(TASK REQUIREMENTS) Please retype the data in full and exactly; the pictures are not part of the copy.

═════ SOURCE MATERIAL

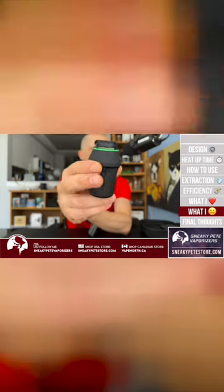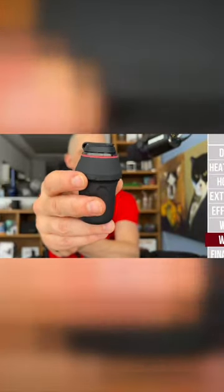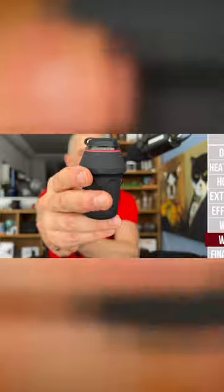Next, I'm not a huge fan of this button. It works well and it doesn't tend to give you false positives, but it just feels somewhat cheap compared to what the device is trying to achieve. It's too clicky and loud. It doesn't have that high-end feel that matches the rest of the device.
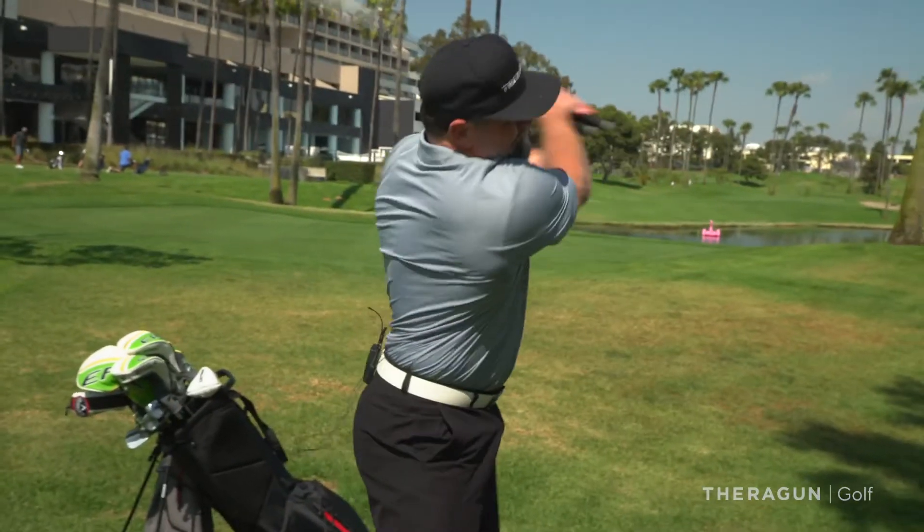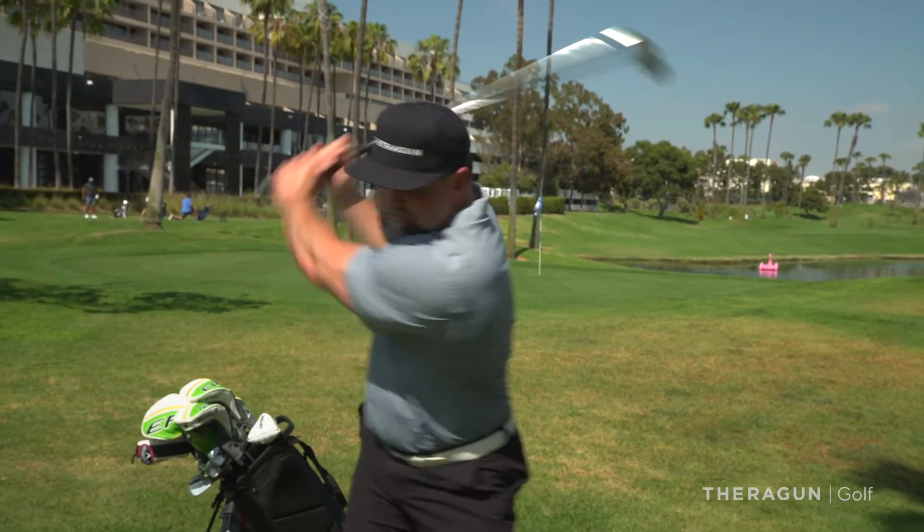Then you're going to take the clubs and do a warm-up stretch, and do that again three times. I'm telling you, five minutes at the most with a Theragun and your body's ready to go play golf.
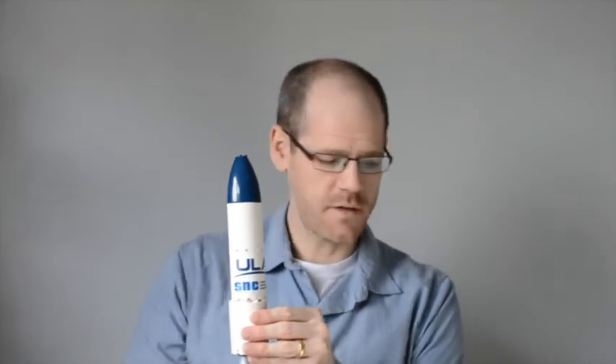Meanwhile, the upper stage continues on, and this is where things get complicated in this MOC. The payload fairing will jettison and can kind of slip out. We've chosen to put as a payload the Dream Chaser. It looks kind of like this, and it has some storage, an engine, and solar panels.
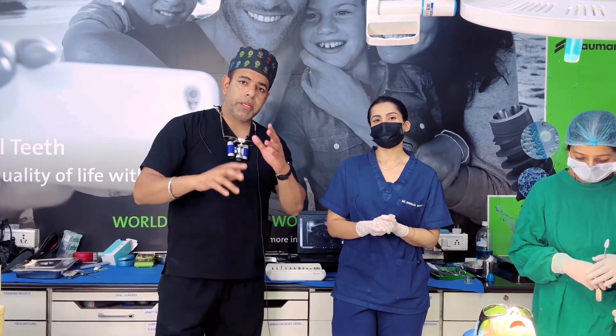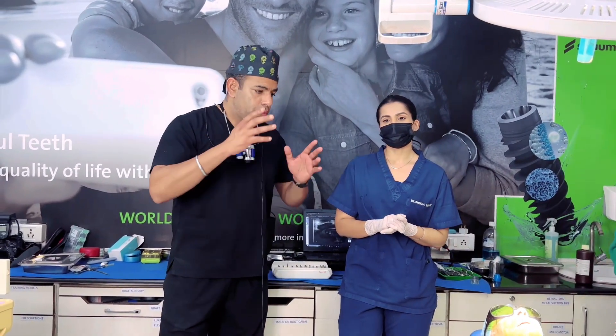Dr. Shinja, who is the oral and maxillofacial surgeon, is on her second day. After that, she is going to be placing her implants. So this was her first case.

══════════

(ANSWER SECTION)
Next, I'm not a huge fan of this button. It works well and it doesn't tend to give you false positives, but it just feels somewhat cheap compared to what the device is trying to achieve. It's too clicky and loud. It doesn't have that high-end feel that matches the rest of the device.
Then you're going to take the clubs and do a warm-up stretch, and do that again three times. I'm telling you, five minutes at the most with a Theragun and your body's ready to go play golf.
Meanwhile, the upper stage continues on, and this is where things get complicated in this MOC. The payload fairing will jettison and can kind of slip out. We've chosen to put as a payload the Dream Chaser. It looks kind of like this, and it has some storage, an engine, and solar panels.
Dr. Shinja, who is the oral and maxillofacial surgeon, is on her second day. After that, she is going to be placing her implants. So this was her first case.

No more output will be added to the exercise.